Breaking Down Data Silos: How TileDB and Snowflake Are Transforming Multimodal Research

Table Of Contents:

The Multimodal Data Problem

From Multimodal to Omnimodal: A Vision for Tomorrow

Snowflake's AI Data Cloud for Healthcare

Breaking Down R&D Silos

Better Together: The Connected App Architecture

How It Works: TileDB's Perspective

How It Works: Snowflake’s Perspective

Three Key Use Cases for the Partnership

The Agentic Future

Key Capabilities Explained

The Bottom Line

The life sciences industry faces a critical challenge: scientific breakthroughs increasingly depend on analyzing diverse data types together, yet the infrastructure to do so remains fragmented, expensive, and complex. TileDB and Snowflake have partnered to solve the multimodal data puzzle that's been holding back precision medicine and drug discovery.

The Multimodal Data Problem

Multimodal data has become the foundation for competitive advantage in life sciences. From genomics and imaging to clinical records and phenotypic data, organizations need to connect these diverse data types to drive decision-making from bench to bedside.

But there's a catch. This data is terribly complex to use. The web of connections between different data modalities creates expensive infrastructure requirements, fractured tooling, and shadow IT organizations within companies—teams building bespoke solutions that others can't access or understand.

The reality is clear: while most organizations use complex multimodal data types, their data remains spread across multiple environments. This fragmentation makes AI adoption particularly difficult, as agents need unified access to tools and data that's currently scattered everywhere.

From Multimodal to Omnimodal: A Vision for Tomorrow

TileDB introduces the concept of the "omnimodal intelligence platform"—moving beyond today's multimodal approaches to a future where all data types are truly interconnected.

TileDB has built integrations across the AI ecosystem, from TensorFlow and PyTorch to NVIDIA tools, with native vector database functionality built on its multidimensional array foundation. The platform serves as an end-to-end workbench for multi-omics, supporting everything from secondary analysis with Nextflow pipelines to tertiary analysis where data gets married with information from partner systems like Snowflake.

Snowflake's AI Data Cloud for Healthcare

Snowflake has evolved alongside the data landscape—from structured data into multimodal and unstructured sources, from data engineering into analytics, and now into AI and ML applications.

With over 12,000 customers globally (including 1,400 in life sciences), Snowflake has seen remarkable AI adoption: 60% of customers—nearly 7,000 organizations—have already adopted their AI capabilities.
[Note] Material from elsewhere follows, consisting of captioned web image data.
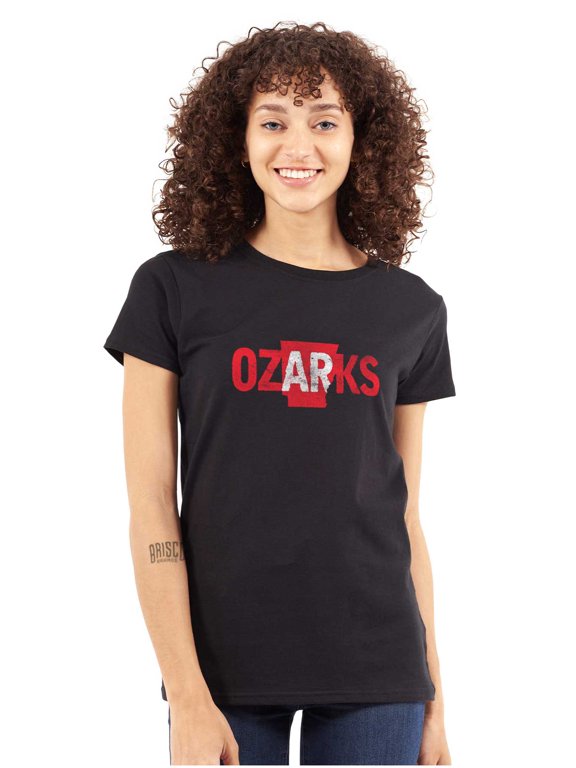 Arkansas Ozarks Pride AR Shaped Map Womens Slim Fit Graphic Tee Brisco Brands M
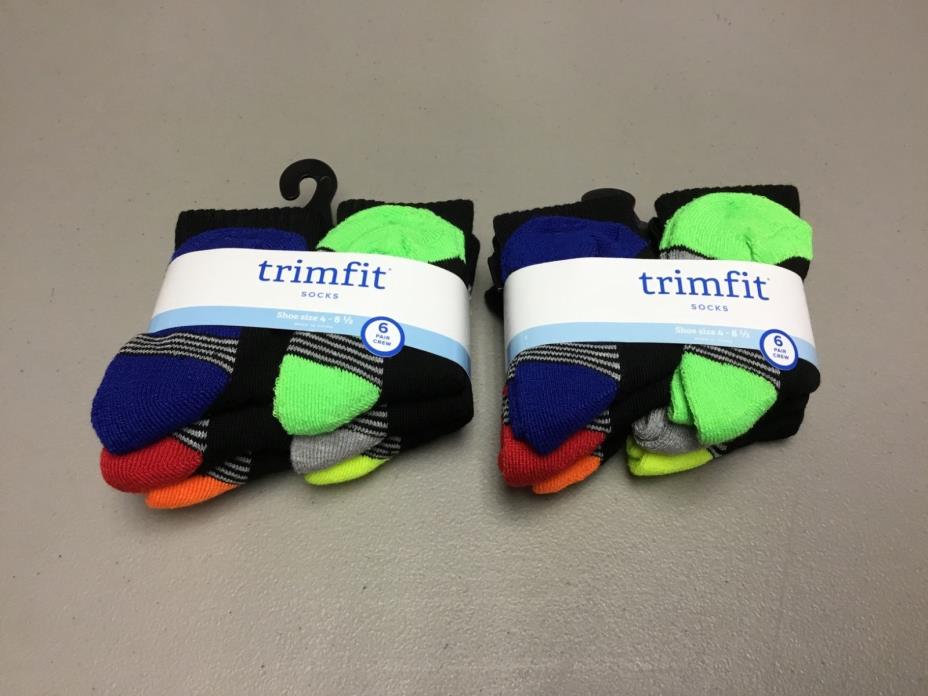 NWT Toddler's Boy's Trimfit Crew Socks Shoe Size 4-8.5 Black Multi 12 Pair #592P
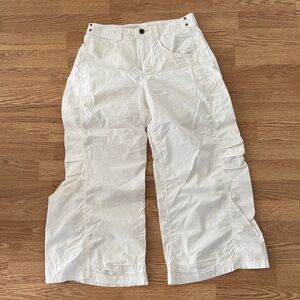 Pilcro White Wide-Leg Cargo Pants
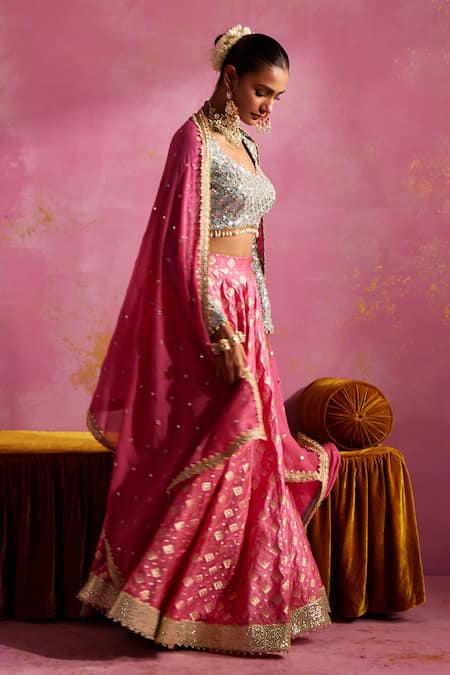 Buy Mustard Moon By Neyha And Vrinda Pink Brocade, Chanderi Pearls, Sequins V-neck Embroidered Blouse Lehenga Set Online at Aza Fashions Buy_Mustard Moon By Neyha And Vrinda_Pink Brocade, Chanderi Pearls, Sequins V-neck Embroidered Blouse Lehenga Set _Online_at_Aza_Fashions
This momentum in life sciences is driven by security, governance, and regulatory compliance (HIPAA, GXP, FedRAMP), plus the ecosystem advantage of many health tech and life tech companies building on or powered by Snowflake.

True scientific innovation comes from bringing together multiple data sources. The key isn't just storing data, but creating optimized ways to integrate it into analytics, machine learning, and AI workflows while adhering to FAIR principles for self-service discovery.

Breaking Down R&D Silos

R&D organizations remain deeply siloed—sometimes by design for regulatory compliance, but often to the detriment of innovation. Even within R&D, teams work with vastly different niche tools and specialized storage systems.
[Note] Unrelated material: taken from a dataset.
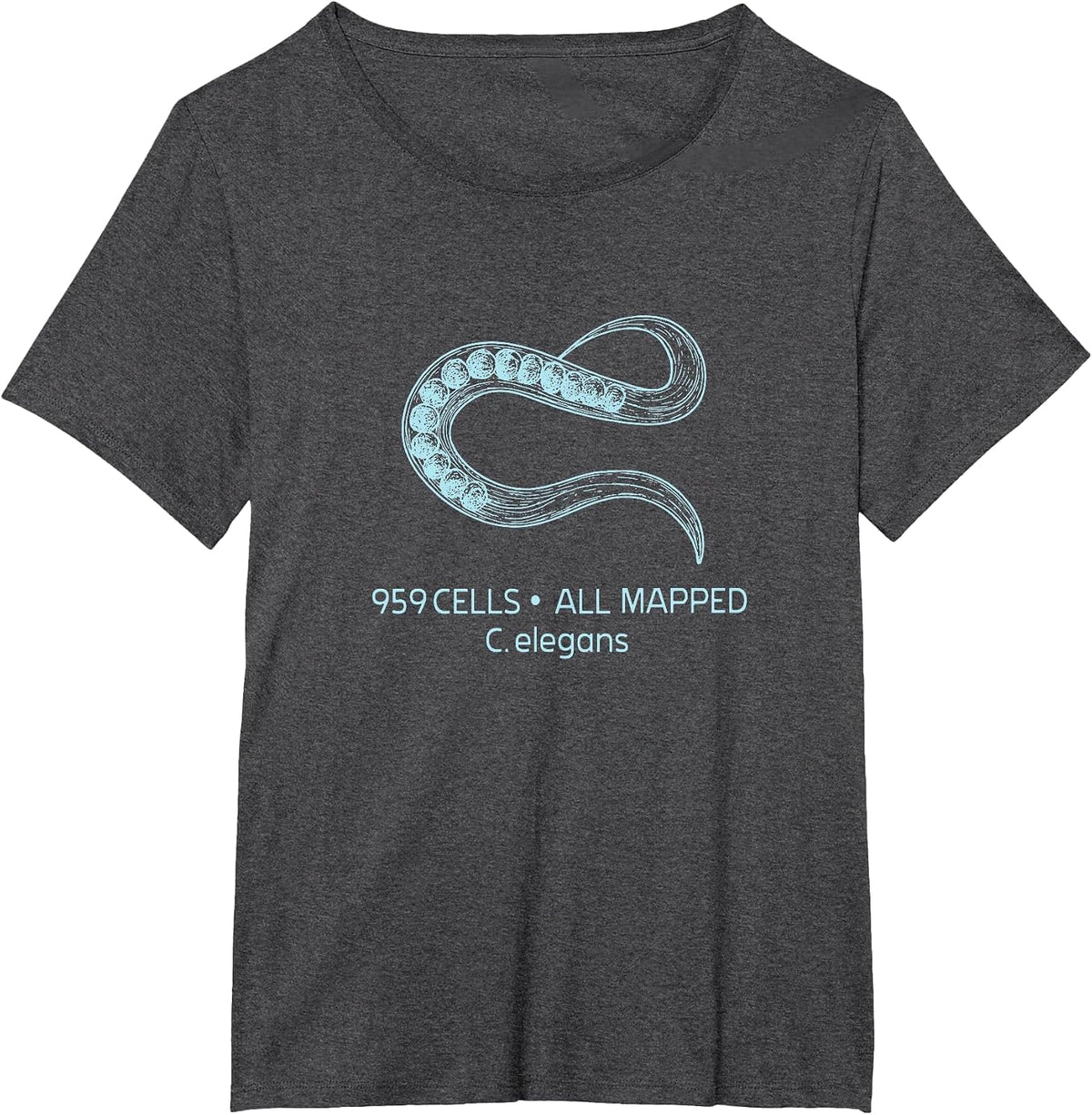 959 Cell All Mapped Biology Funny C Elegans T-Shirt - Dark Heather Grey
What modern data platforms unlock is cross-collaboration use cases. For example, multi-omic data from clinical trials can feed back into early-stage virtual screening for drug discovery, speeding up the entire process of drug design and development.

Snowflake's AI stack includes enterprise-grade features fully integrated with role-based access control, serverless hosted models from major providers, and native agentic functions like Cortex AI. The platform also democratizes access to multimodal data through native SQL functions, allowing analysts—not just computational scientists—to work with complex imaging and genomic metadata.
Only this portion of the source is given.